Personal information
- Full name: Clive Reunert
- Born: 7 December 1887 Johannesburg, South African Republic
- Died: 11 April 1953 (aged 65) Johannesburg, Transvaal, South Africa
- Batting: Unknown
- Bowling: Unknown
- Relations: John Reunert (brother)

Domestic team information
- 1908: Cambridge University

Career statistics
| Competition | First-class |
| Matches | 3 |
| Runs scored | 60 |
| Batting average | 12.00 |
| 100s/50s | –/– |
| Top score | 28* |
| Balls bowled | 264 |
| Wickets | 4 |
| Bowling average | 34.50 |
| 5 wickets in innings | – |
| 10 wickets in match | – |
| Best bowling | 3/89 |
| Catches/stumpings | 1/– |
- Source: Cricinfo, 24 January 2022

= Clive Reunert =

South African cricketer and barrister

Clive Reunert (7 December 1887 – 11 April 1953) was a South African first-class cricketer and barrister.

== Biography ==
The son of Theodore Reunert, he was born in the Johannesburg neighbourhood of Hillbrow in December 1887. Along with his brother, John, who was one year his senior, Reunert was sent to England to be educated at Harrow School. He played for the school cricket team while at Harrow, but in his final year he missed out on playing in the Harrow v Eton match of 1906 at Lord's due to a fractured finger and was replaced in the Harrow team by Michael Falcon. From Harrow he matriculated to Trinity College at the University of Cambridge. A member of the Cambridge University Cricket Club, Reunert made three appearances in first-class cricket for the club in 1908 against Yorkshire, Kent, and Sussex; in the match against Sussex, he played alongside his brother in the Cambridge team.

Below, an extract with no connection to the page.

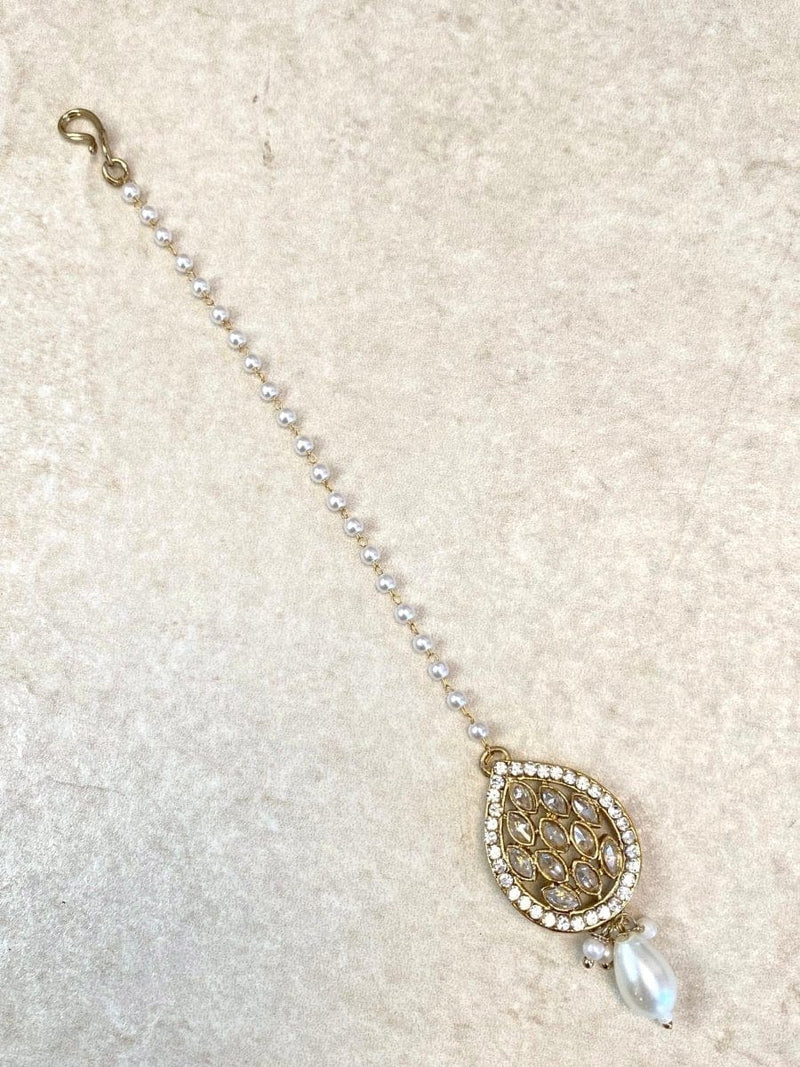 Antique Golden Tikka - Clear/Pearl - SOKORA JEWELSAntique Golden Tikka - Clear/Pearl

In three first-class matches, he scored 60 runs with a highest score of 28 not out, while with the ball he took 4 wickets with best figures of 3 for 89. Reunert became a barrister after graduating from Cambridge, and was a member of the Inner Temple based at Cannon Street in 1911. He later returned to South Africa, where he died at Johannesburg in April 1953.